Task inputs
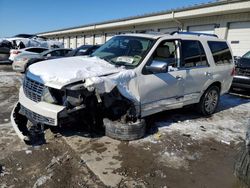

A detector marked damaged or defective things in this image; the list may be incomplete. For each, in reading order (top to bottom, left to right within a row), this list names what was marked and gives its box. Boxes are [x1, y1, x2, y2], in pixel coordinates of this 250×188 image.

crumpled hood [26, 55, 122, 88]
front end damage [11, 72, 141, 143]
damaged white suv [11, 32, 234, 143]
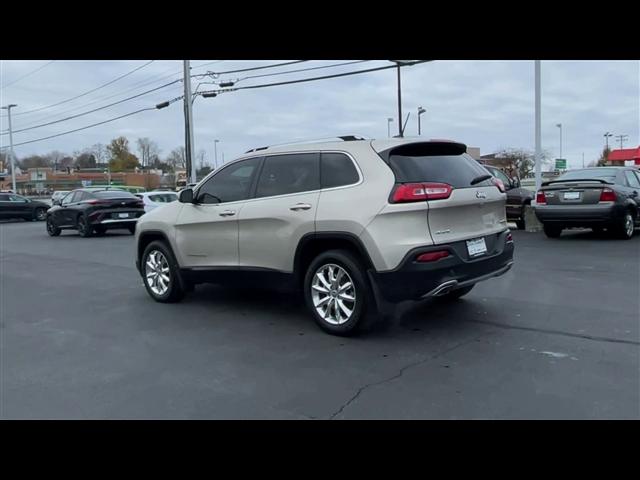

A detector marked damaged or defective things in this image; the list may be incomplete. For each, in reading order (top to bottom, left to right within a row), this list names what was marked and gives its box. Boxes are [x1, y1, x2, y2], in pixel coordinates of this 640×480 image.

Task item
Reproduce the listing above exactly, but skip the pictures.

Solution to the problem
A detector marked damaged or defective things in this image; the list may be incomplete. For each, in reading order (top to bottom, left to right within a row), this list names what was marked and gives its box. Boxes are [x1, y1, x2, y2], in pixel coordinates of this 250×188 image.

crumpled hood [26, 55, 122, 88]
front end damage [11, 72, 141, 143]
damaged white suv [11, 32, 234, 143]

A detector marked damaged or defective things in this image; the list may be incomplete. For each, in reading order (top to bottom, left to right within a row), this list names what was marked and gives its box. Boxes are [x1, y1, x2, y2], in pixel coordinates of this 640×480 image.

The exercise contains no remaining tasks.